I spent a lot of time thinking I should have a high success rate in my studio
basically, I thought that everything I made had to be meaningful
but over time I’ve allowed myself to let go of more things

The up-side of learning how to let go of things
is the surprising kind of knowing that arrises in its place

This does not mean that I don’t have regret
regret, anger, frustration, and sadness contain a lot of energy
Letting go of the regret might also mean letting go of that energy

Loss is not good or bad
but it is a quick way to know what is at stake

I’ve built in the process of letting go into my studio practice
this takes the form of making paintings and wiping them out
painting over old painting
or tearing up and reworking drawings

In fact almost none of my painting are not “orginal”
they are copies and re-makes of drawings and other paintings
I transfer drawings into oil paint using paper

As my success rate gets lower I have more enjoyment in the studio
it leaves more time for making things
I’m a fast painter
I don’t enjoy things that look laborious
but I enjoy to labor
When I cover up a painting
there is a certain clarity in the loss
a boundary that is established

over time I’ve tried to get to know myself in a more specific way
I have found it very difficult to know what my work is as an artist

most of what I make is about being outside and exploring different places
I’m not on social media because I did not enjoy its immediacy or the feeling of it’s keeping a record.
Memory asserts itself through different forms, mediums and materials
Objects affect our attention

In his book “Philosophy and Belief” David-Levi Strauss quotes the Czech-Brazilian hilosopher Vilem Flusser from his book “Towards a Philosophy of Photography,

“The apparatus functions just as the universe does,
namely, automatically,”
which is evil.
So we need “envisioners,”
producers of technical images
who “try to turn an automatic apparatus
against its own condition
of being automatic.”
The unrelenting techno-optimism has a pessimistic counter:
“the world has be come meaningless,
and consciousness will find nothing there
but so many disconnected elements.”

I don’t often take photos of things I make and see
and sometimes I regret this
but I only regret it when I have cause to remember what I have not photographed
I often find myself wishing, as a teacher,
that painting programs would teach photo theory
as a way
for us all
to get some critical distance from our world

I’ve troubled over the influence of photography and new image apparati only to realize how much critical distance I think painting and painting discourse can still offer.

In my work I have chosen to think
that it is the threat to painting
by photography
that gives paintings its vitality today
my work is direct; it is against information
(information is great)

Memory pulls us forward.
But how?
by what means?
and by which objects?

what is experience but an encounter with an object

Memory pulls us forward
But how?
by what means?
and by which objects?

experience + organization of experience = memory/forgetting
memory is a metaphor for holding onto
for knowing and not knowing

we remember both culturally and personally through objects and the way they are organized
both in our personal lives and publicly

Some trends I’ve been following in my work:

I’m drawn to the tension between the flat schematics of a horizontal picture plane such as a floor-plan or writing and the outward perception of deep-space.
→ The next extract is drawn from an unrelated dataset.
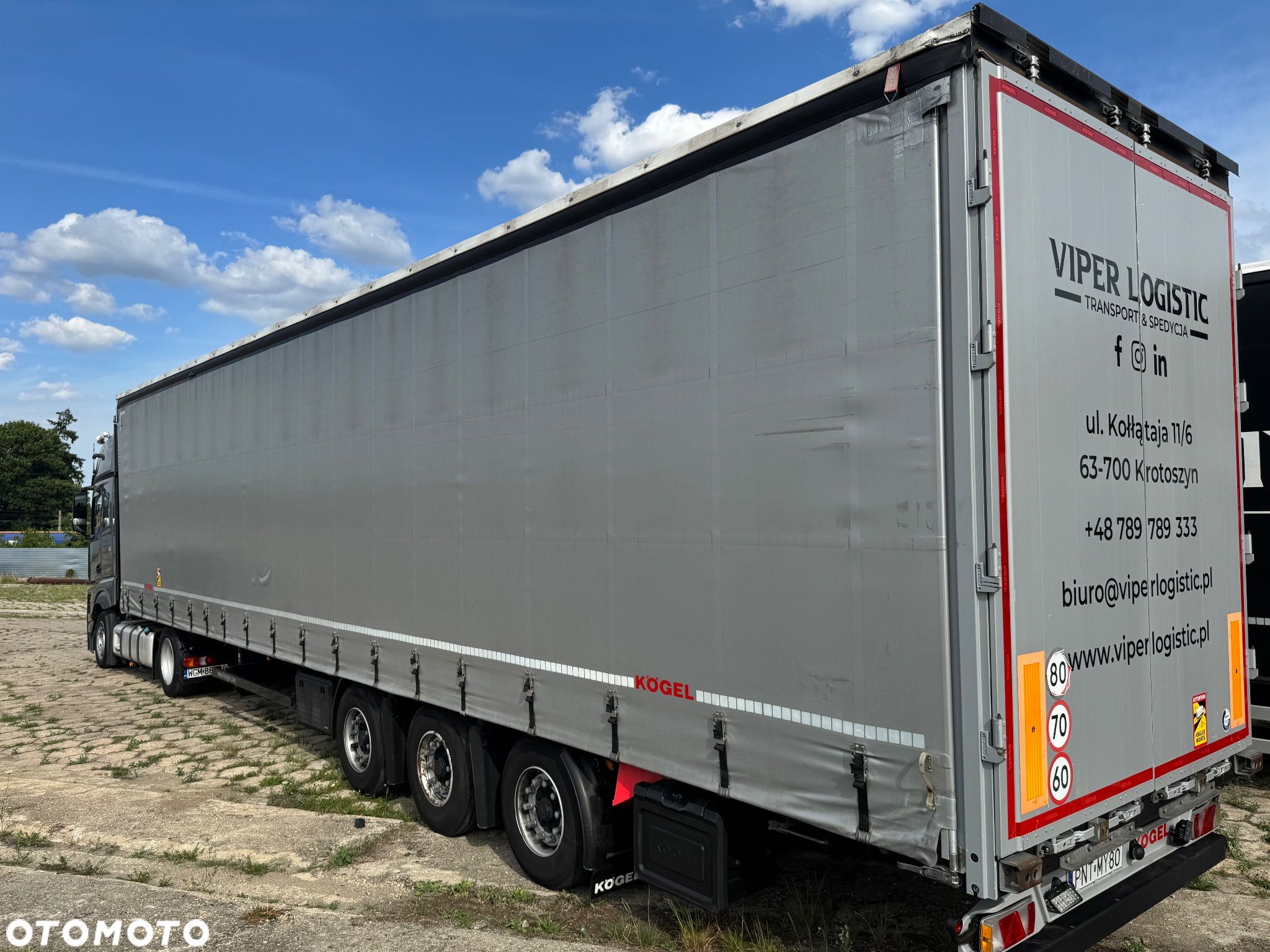 Kögel MEGA - 1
I enjoy the space between things — I like a very active negative space. I have a love of the outdoors and I’m sure these two experiences are related.

I work from observation, my knowledge of building, a desire for a connection between thing such as picture and object, and most importantly from copying my own work.
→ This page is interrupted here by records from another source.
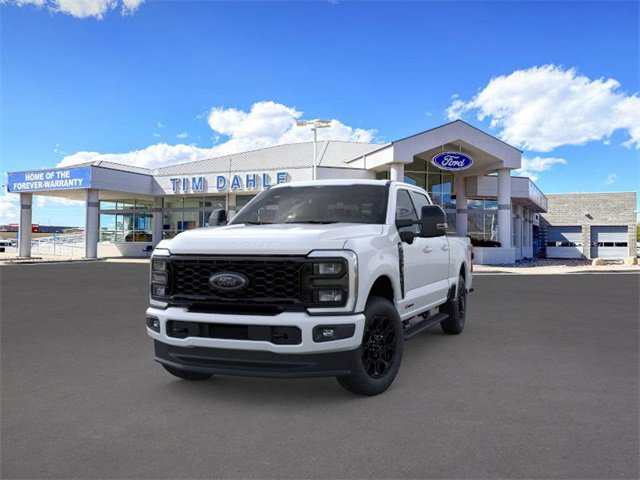 New 2026 Ford F350 Lariat image 2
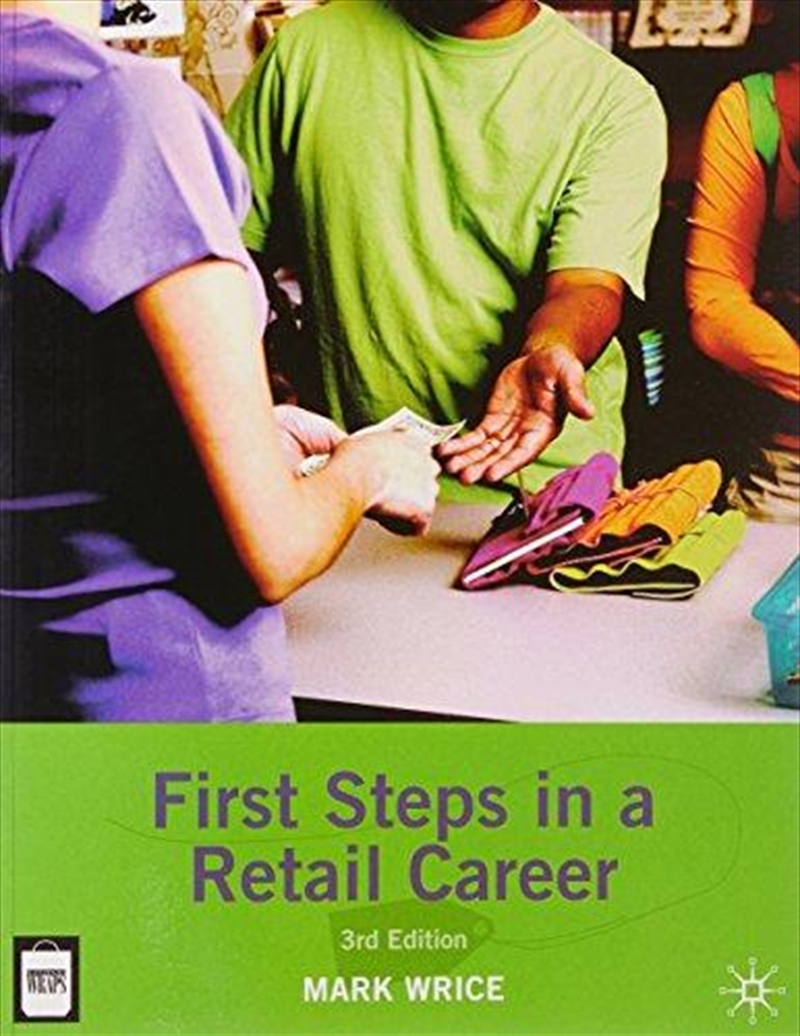 First Steps In A Retail Career/Product Detail/Reading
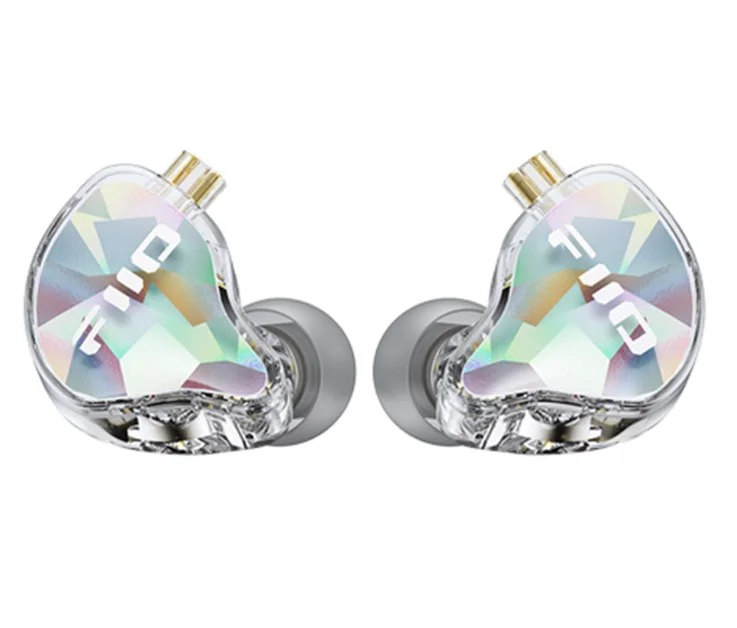 Гарнитура FiiO JD10 Transparent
Forms are living, they make seeds and grow anew.

Curved lines animate. Straight lines produce depth through layering and by way of diagonals. They can cut through the illusion of a picture and make reference the flat shape of the canvas, linear writing, and points of connection.

I have worked in many different ways exploring different avenues, my interest in the intersection between observational painting and abstraction has evolved over a long time and has not always been apparent to me.
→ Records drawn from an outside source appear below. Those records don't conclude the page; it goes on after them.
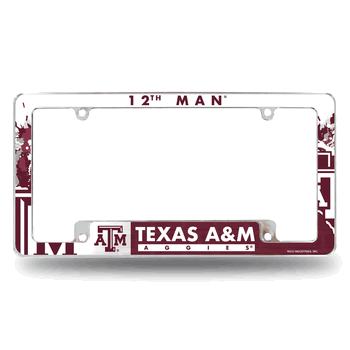 Texas A&M Aggies Primary 12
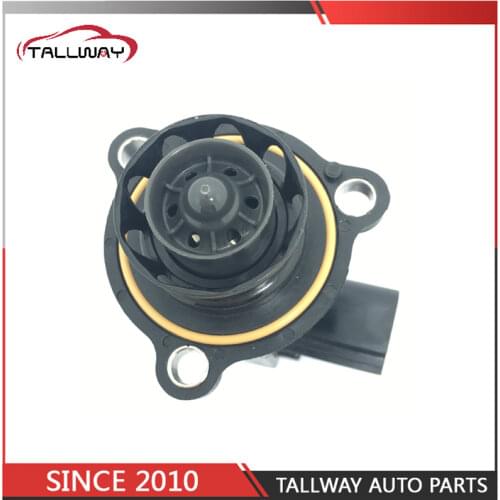 Turbo Turbocharger Cut Off Bypass Valve Solenoid Valve 06H145710D For Audi A4 VW Passat Skoda Octavia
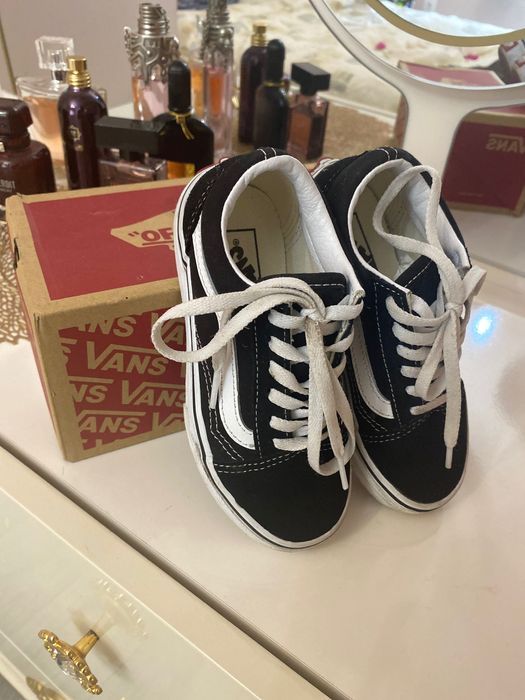 Детски кецове Vans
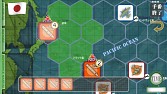 画像ギャラリー No.004のサムネイル画像 / タブレットウォーゲーム「空母決戦1942」，新たに日本軍プレイモードを追加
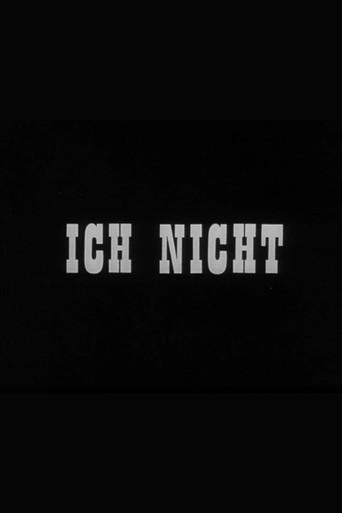 Ich Nicht (1969) poster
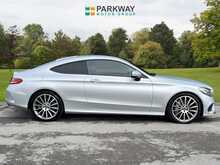 Mercedes-Benz C Class C250d AMG Line - U15676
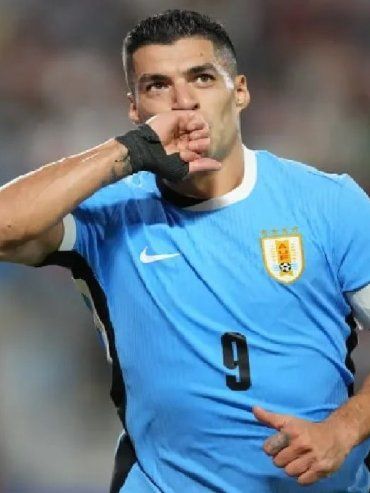 Luis Suárez, a un paso de volver a la selección de Uruguay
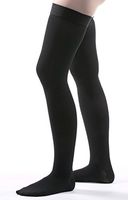 Allegro 30-40 mmHg Surgical 305/315 Thigh High Hose (Black) X-Large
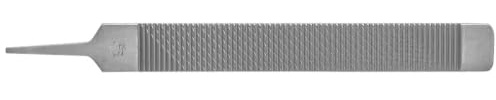 Pferd 15040 Tanged Hoof aereo file, fresato taglio, lunghezza 35,6 cm x larghezza 1 – 3/10,2 cm x 1/10,2 cm spessore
Some of my past attempts are more relevant to me than others. In 2016 and 2017 I made many works which I called pattern paintings in which I would photograph watercolors and drawings and then turn them in to black and white computer images. I would print these out and rework them, and then photograph and print them again.

I don’t believe at all in invention, only in interpretation. Invention is a lie that covers up and steals from what came before it.

The role of repetition in artistic production is complicated by the ease of reproduction through photography. Remaking, or copying old work is a strategy for identifying with myself
it is a meditation on reproduction

In 2013 I began working with watercolors and paper. I would make collages. Sometimes the watercolors would start with observational paintings and other times they would start abstractly and move towards grounded depictions of space. This became my way of working with composition — composition is a mater of producing hierarchies inside of a picture — it is a way to feel the presence of space.

In 2012 I made many paintings of rooms in which the walls are hung with abstract paintings — my concern in painting has been trying to find meaning from it by looking at it sideways, as both an object and a window simultaneously. The fact of something being two things at once which are incommensurable is both common and pleasurable.

I currently live and work in Norfolk, Connecticut with my wife Molly Zuckerman-Hartung and dog Moses and teach at MICA in the LeRoy E. Hoffberger school of painting.